## TASK STATEMENT
Repeat the data that follows verbatim. Images are not part of the copy.

## DATASET CONTENT
= Beginning of Section =

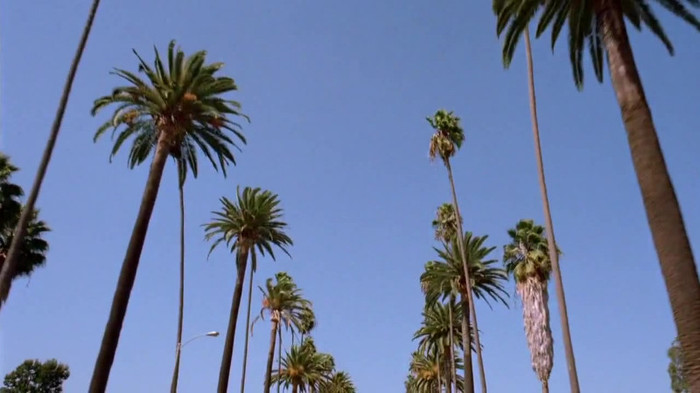 sonny with a chance season 1 episode 1 HD 29467 sonny with a chance season 1 episode 1 HD 29467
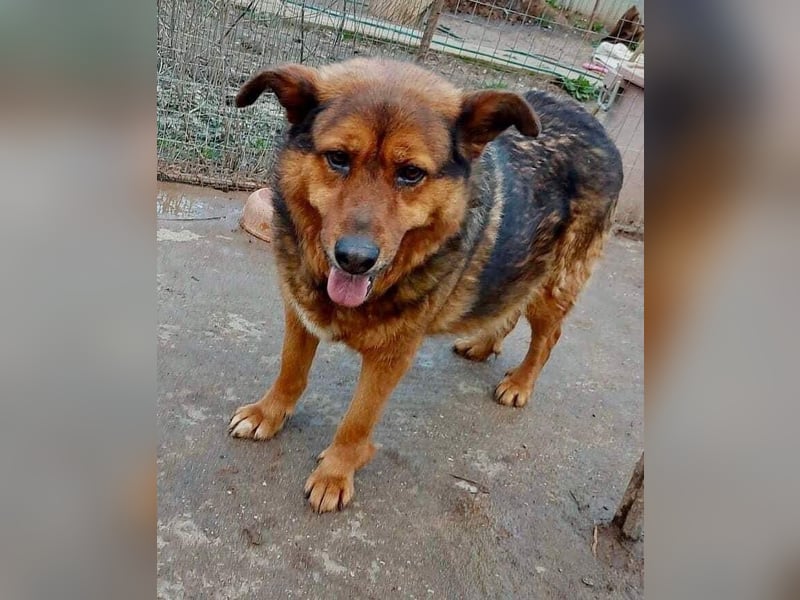 Mega verschmuste Seniorin Nikita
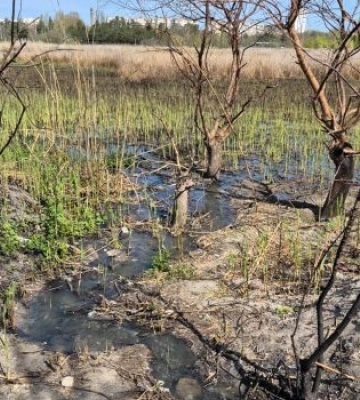 В парку "Ліски" нечистоти потрапляють в озеро (ВІДЕО)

= End of Section =

## OUTPUT FOR THIS TASK
 sonny with a chance season 1 episode 1 HD 29467 sonny with a chance season 1 episode 1 HD 29467
 Mega verschmuste Seniorin Nikita
 В парку "Ліски" нечистоти потрапляють в озеро (ВІДЕО)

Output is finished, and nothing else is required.